# Star link



## Mike1950 (Sep 16, 2022)

Last year we got on Star link waiting list. Got impatient so we ordered the RV set up. Not as powerfull and lower on priority list.
Installation: people complain about having to install themselves. Yikes you put it on roof turn it on and that is all. It points itself. 
Speed. Lighting fast but at night be low on priority list slowed way down. 
Reluctantly we sent it back. We hate Comcast. 
2 weeks later, we came up on list for regular unit. It will be here Monday. I will review it here.

Reactions: Like 5 | Way Cool 1 | Informative 2


----------



## Gdurfey (Sep 16, 2022)

I like mine. I am still not up to full speed over my RV set up, but acceptable for our use!!!

Reactions: Like 2


----------



## Mike1950 (Sep 16, 2022)

Gdurfey said:


> I like mine. I am still not up to full speed over my RV set up, but acceptable for our use!!!


So you only have RV or both.


----------



## woodtickgreg (Sep 16, 2022)

I'll be interested to hear what you have to say on the home unit. I hate any of the cable or internet companies.

Reactions: Agree 2


----------



## Mike1950 (Sep 16, 2022)

woodtickgreg said:


> I'll be interested to hear what you have to say on the home unit. I hate any of the cable or internet companies.

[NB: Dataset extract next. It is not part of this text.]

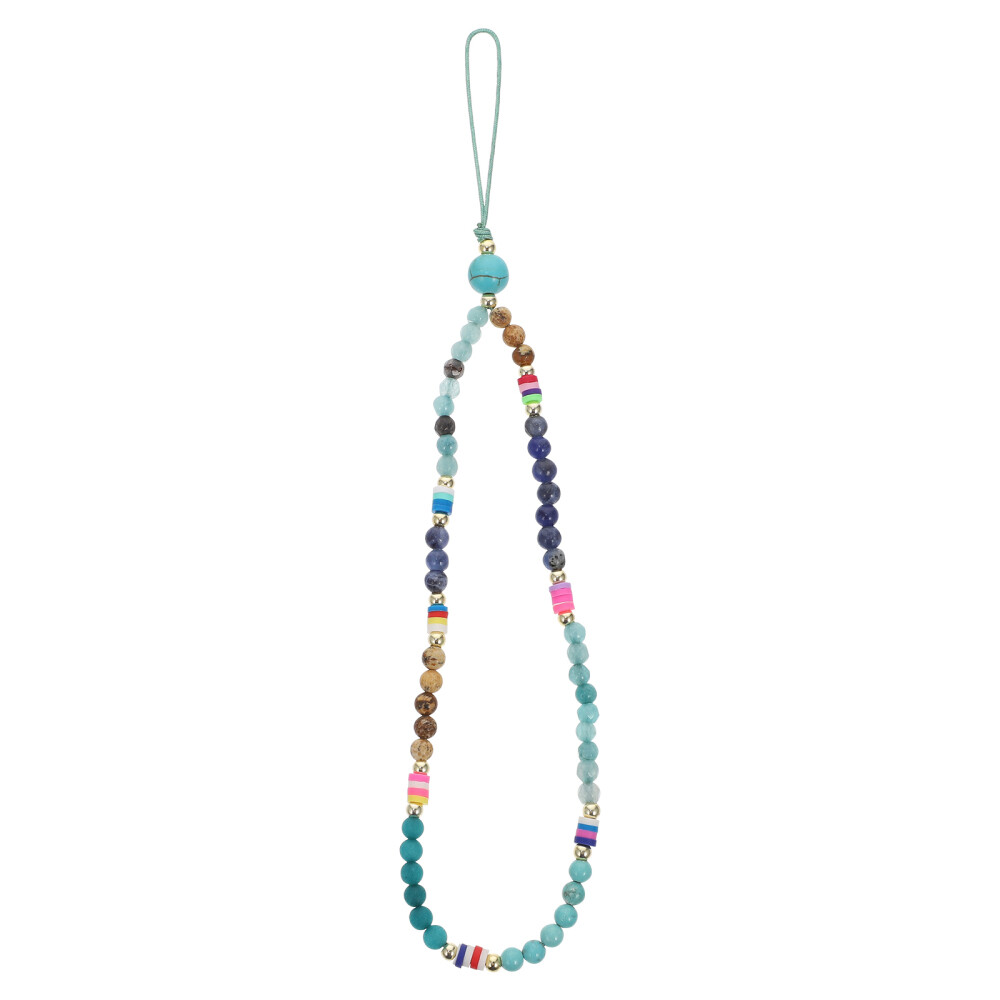 Beaded Phone Lanyard with Ethnic Chain Stylish Practical Accessory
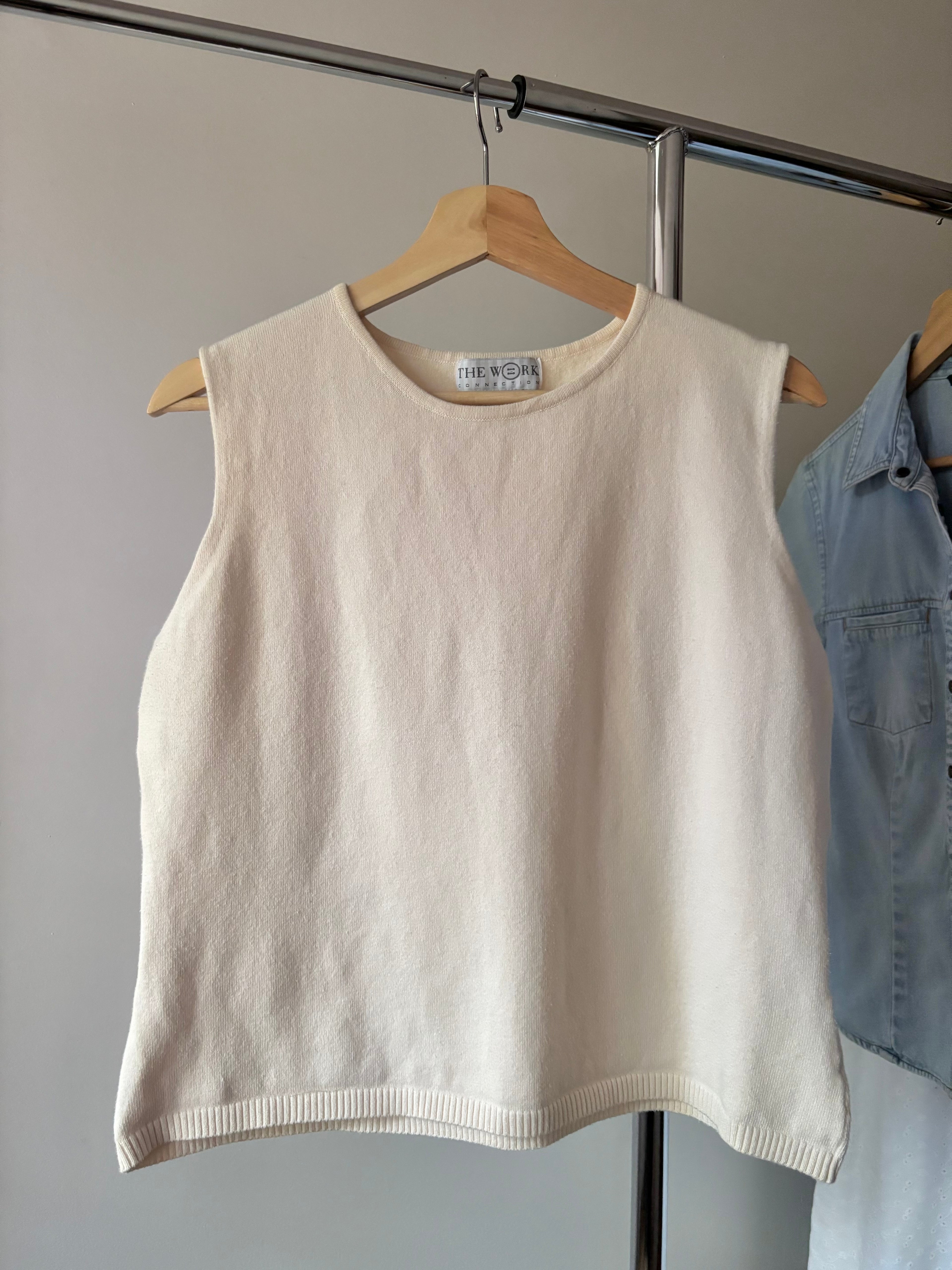 1990s Soft Cotton Cream Boxy Tank Top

Their customer service is mostly email. Quick response and very helpful. Kathie had to call century link for my mother today. 45 minutes to talk to someone.

Reactions: Sincere 1


----------



## barry richardson (Sep 16, 2022)

Mike1950 said:


> Their customer service is mostly email. Quick response and very helpful. Kathie had to call century link for my mother today. 45 minutes to talk to someone.

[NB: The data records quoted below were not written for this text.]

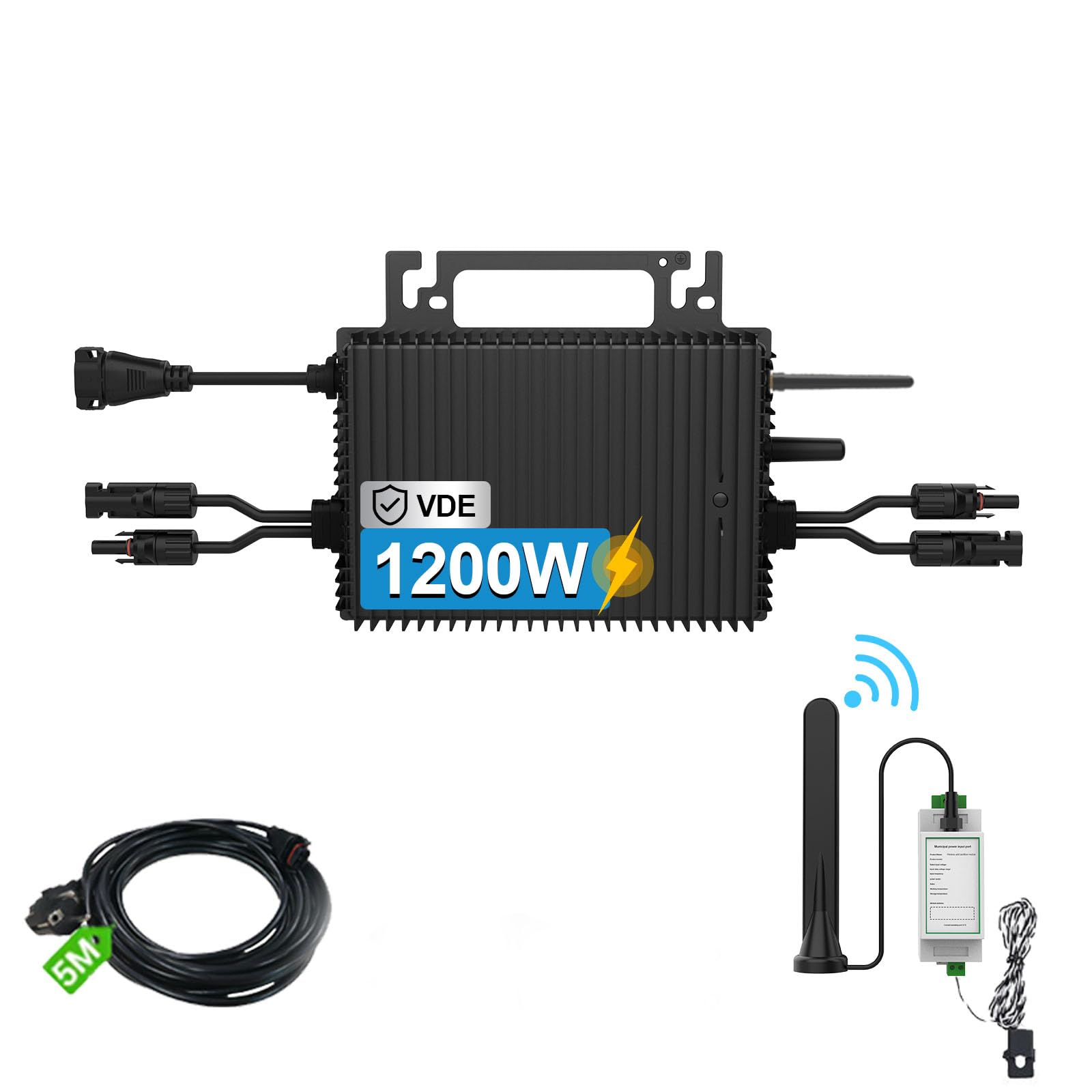 Rückflussverhinderer Mikro Wechselrichter 1200w, Solar PV Wechselrichter mit WLAN, IP67 wasserdicht, mit 5m AC Kabel für Balkonkraftwerk, integrierter MPPT， App Steuerung Plug Play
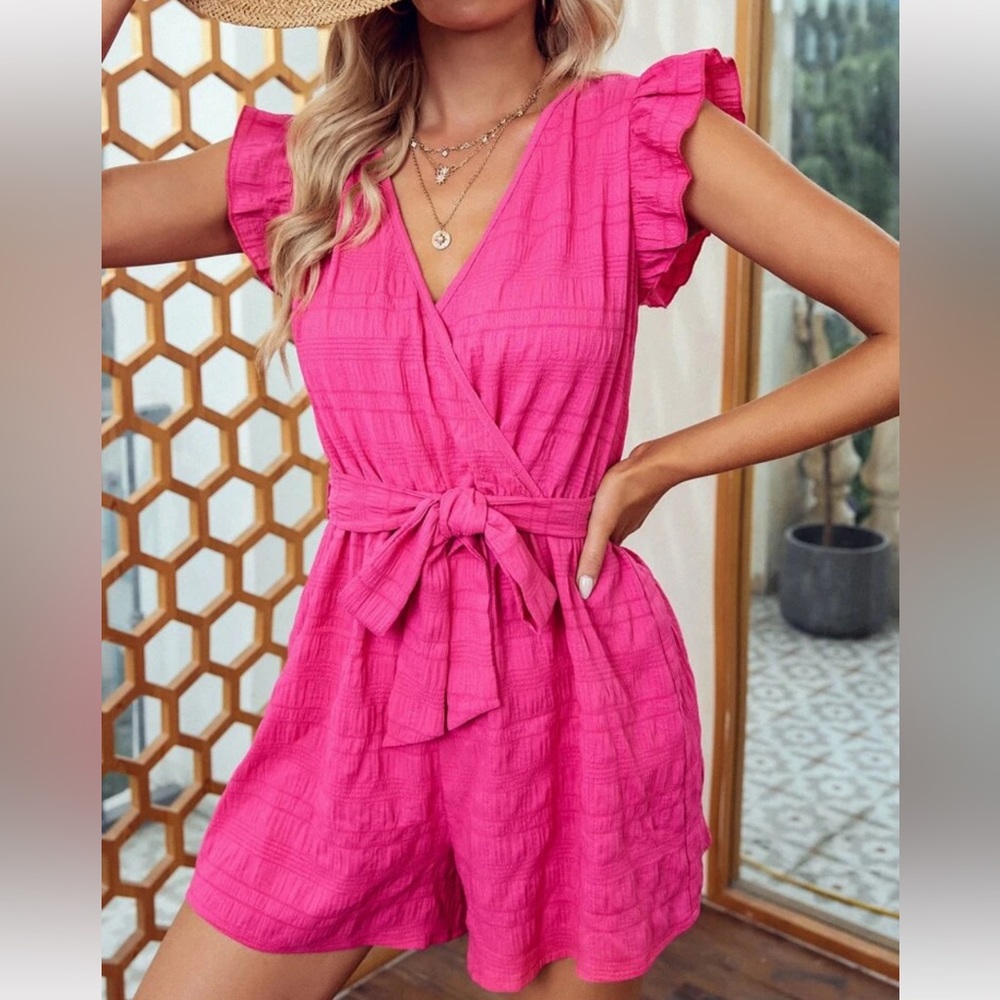 Textured Surplice Neck Belted Romper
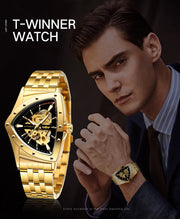 Winner Military Triangle Steel Skeleton Automatic Movement Man Watch Sports Mechanical Watches Luxury Waterproof Silicone Strap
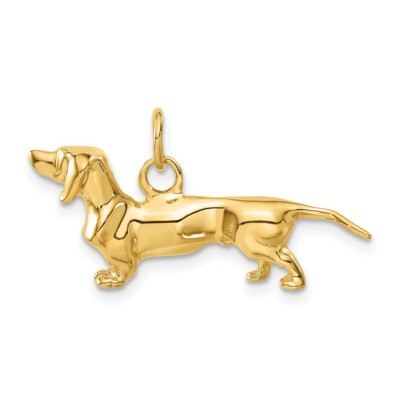 Pre-owned Skyjewelers Real 14kt Yellow Gold 3d Dachshund Dog Charm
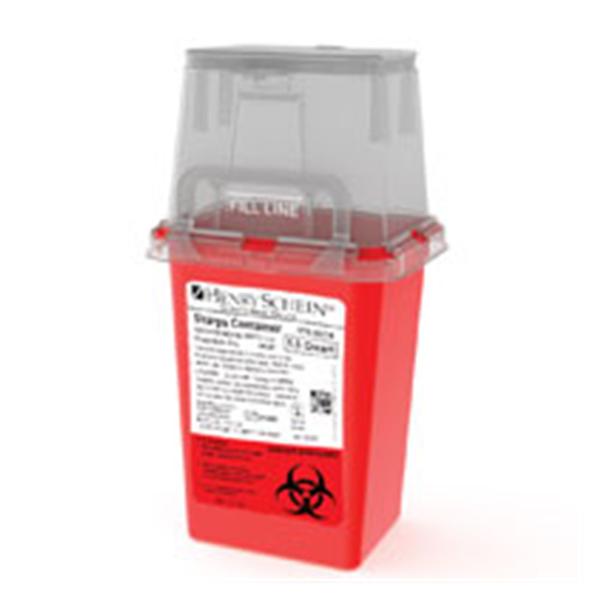 Henry Schein Container Sharps 1.5Qt Polypropylene Red/Clear Each, 36 Ea/Ca - 0310-150T-HS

Yea, century link is terrible, over priced too, I'd like to get another provider too, looking forward to your review...

Reactions: Like 1


----------



## SENC (Sep 16, 2022)

Damn, Mike, I thought you just splurged for dial-up a few months ago!

Interested in your feedback - I got rid of all the cable companies and had fiber hooked up through ATT a while back - been very happy with it. They aren't as responsive as old Ma Bell, but I have to give ATT credit they came out to fix a cut line within a couple days just last week.

Reactions: Funny 3


----------



## Mike1950 (Sep 16, 2022)

SENC said:


> Damn, Mike, I thought you just splurged for dial-up a few months ago!
> 
> Interested in your feedback - I got rid of all the cable companies and had fiber hooked up through ATT a while back - been very happy with it. They aren't as responsive as old Ma Bell, but I have to give ATT credit they came out to fix a cut line within a couple days just last week.

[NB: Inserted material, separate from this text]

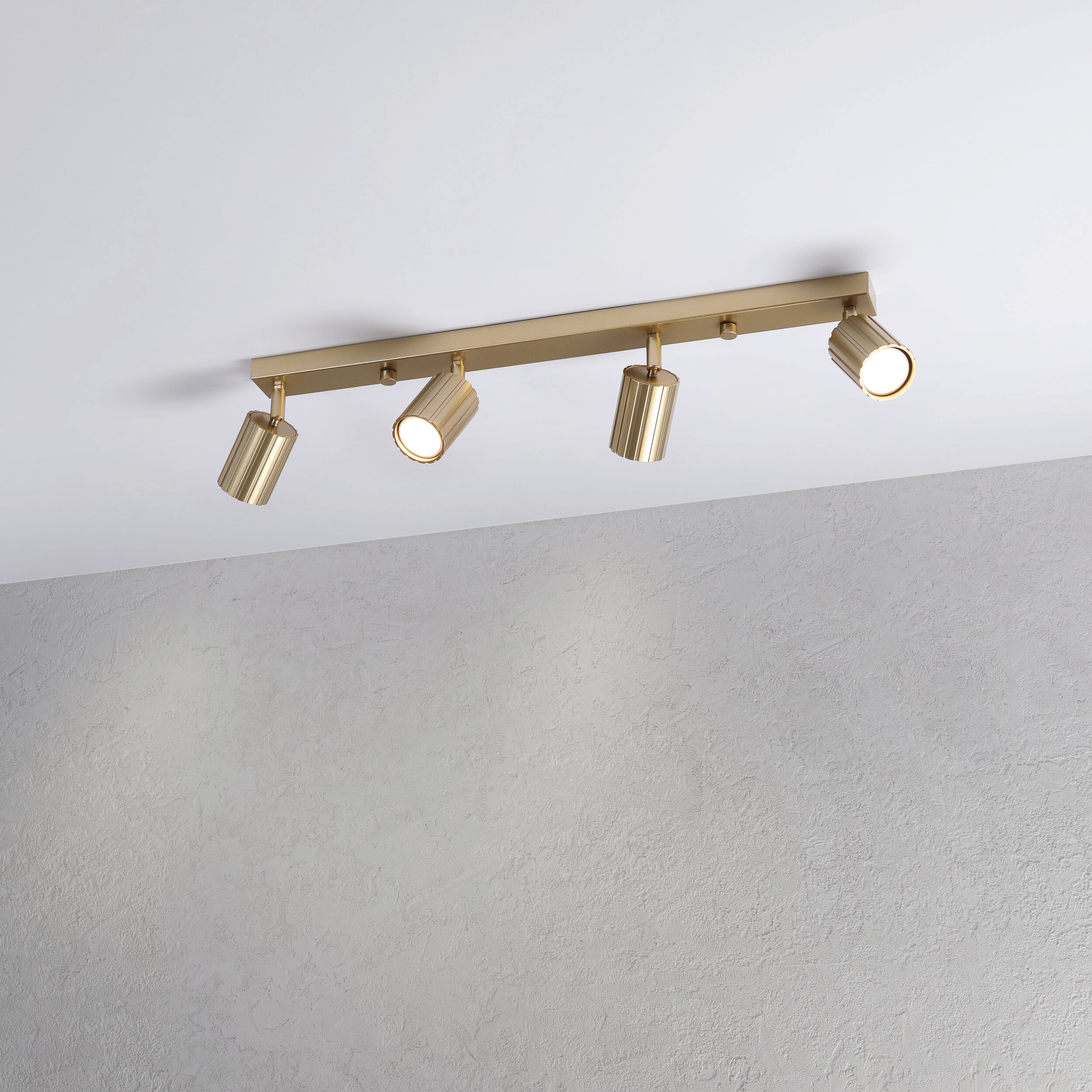 Lamkur Strahler Prisma gold Stahl B/H/L: ca. 6,5x16,5x81 cm 4 Brennstellen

I started with a brick and Mcloud in early 90's. changed to ATT when they bought McCloud . Att got crappy in mid 90s and I went to verizon. They still have best coverage in west, but i will change in a heartbeat to something better.

Reactions: Agree 1


----------



## Gdurfey (Sep 17, 2022)

Mike1950 said:


> So you only have RV or both.


Turned off the RV and am now on home. They said equipment was different in email correspondence with support. Looks the same to me, just a way to get another $600 out of me. Trying to figure out if I can sell my RV to a friend down the road. Seems I can’t get a straight answer from them.

Verizon is so overloaded out here I needed a good connection for work so went with RV. Glad I did as Verizon got worse. Not sure I would have been able to continue to hotspot for telework. I would have been between a rock and a hard spot for sure.

Reactions: Like 2


----------